Adapté d’un roman de Stephen King, Christine de John Carpenter s’offre une restauration majestueuse sous l’égide du distributeur Carlotta. Trente-cinq ans après, le film n’a pas pris une ride et confirme la place singulière de John Carpenter dans l’industrie hollywoodienne.
Après un prélude montrant la « naissance » de Christine, une Plymouth Fury des années 1950, l’intertitre nous indique une temporalité : l’année 1978. Arnie Cunningham (Keith Gordon) vit chez ses parents et passe son temps à se faire brutaliser par ses camarades de classe. Son meilleur ami, joué par John Stockwell, tente par tous les moyens de lui redonner confiance. Le regard d’Arnie se métamorphose au moment où il aperçoit une vieille bagnole en état de ruine. Il passe ses journées à la retaper, à lui redonner sa splendeur d’antan. Une fois restaurée, Christine peut à nouveau se mettre en chasse.
En 1982, John Carpenter essuie un revers au box-office avec son chef-d’oeuvre The Thing. Il saisit donc l’opportunité offerte par Columbia Picture qui lui propose d’adapter un livre battant tous les records de vente au même moment. Le studio n’a pas oublié le succès remporté par Halloween, la nuit des masques quelques années auparavant. Bill Philipps, le scénariste, modifie un peu l’histoire originale et soumet le script à John Carpenter.
La limite du corps
Christine est un film de bagnole hantée, où la voiture se transforme en une créature vengeresse. De manière progressive, elle possède Arnie et le modifie physiquement et mentalement. Le jeune homme est traversé par des pulsions de violence et la question sexuelle ne l’effraie plus comme en atteste sa relation de plus en plus charnelle avec sa petite amie. L’enjeu du film se situe bien dans ce domaine, celui de la phobie sexuelle. Arnie se sent empêché par son physique et il voit dans sa relation avec Christine, une passion dévorante qui lui fait pousser des ailes. Si quelqu’un la touche, il lui en coûtera le prix ultime. Lorsque les doigts d’un homme l’approche de trop près et la manipulent de l’intérieur, l’agresseur doit en être puni. Cette remarque est valable dans l’autre sens. Christine semble protéger Arnie, ou du moins réagit après coup quand celui-ci est attaqué.
Tension amoureuse
Ce qui est aussi passionnant dans le film de Carpenter, c’est cette réflexion sur l’importance fondamentale de l’automobile chez les jeunes hommes. Cette fascination pour l’objet vient rompre des relations amicales et sentimentales. Arnie s’éloigne de son meilleur ami et n’arrive pas à oublier Christine lorsqu’il sort avec une fille plus âgée que lui. La séquence névralgique, c’est la projection de Dieu merci, c’est vendredi (1978) dans un drive-in. Les deux tourtereaux s’échangent des baisers dans la voiture sous une pluie battante. Au fur et à mesure de la séquence, nous découvrons Leight et Arnie en pleine étreinte, les deux corps se rapprochent avant qu’une main un peu trop entreprenante d’Arnie vient stopper la scène. Quand Arnie lui demande ce qu’il ne va pas, Leigh répond : « Je ne peux pas. Ici. Dans cette voiture ». Une jalousie s’instaure entre la jeune femme et la voiture, prenant le personnage d’Arnie de court. La mise-en-scène de Carpenter est rigoureuse, chaque plan témoignant de cette tension entre les deux amours d’Arnie. Comme dans tout triangle amoureux, un des trois personnages devra s’éclipser.

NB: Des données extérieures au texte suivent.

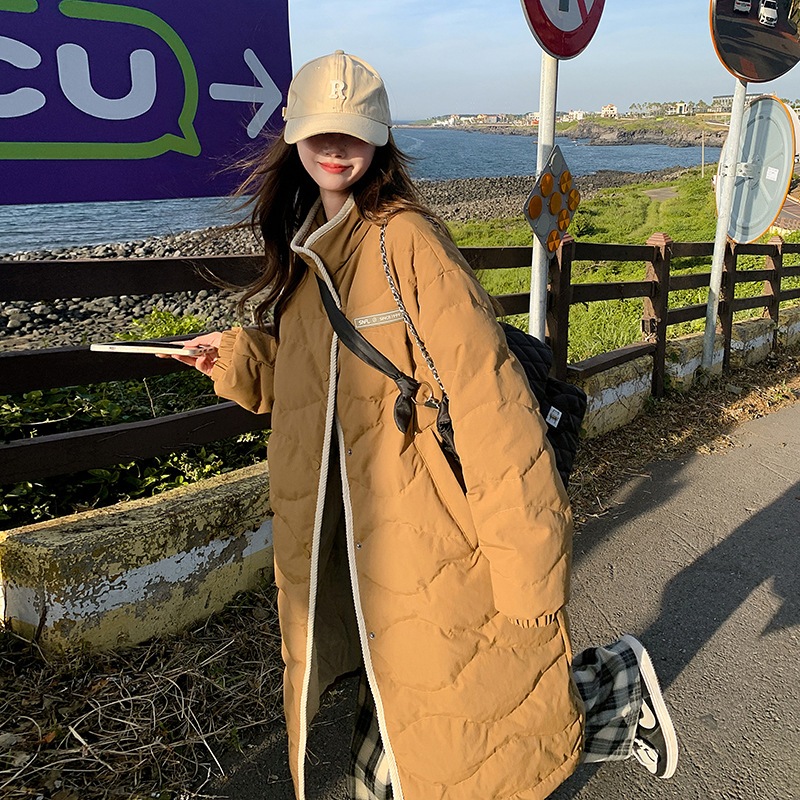 セミロング 綿服 ニューデザイン 韓国版 ファッション ゆったり 厚手 気質 あたたまること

John Carpenter est un cinéaste majeur. Il a saisi cette folie matérialiste qui s’empare de la jeunesse américaine des banlieues aisées. Le Mal, thème qui circule dans toute la filmographie du réalisateur américain, est symbolisé par un objet, une voiture tellement fétichisée qu’elle devient « vivante ». En attendant de croiser à nouveau le chemin de Christine, cette réédition de très bonne qualité permet de décrasser le moteur d’un film ludique, stimulant et intemporel.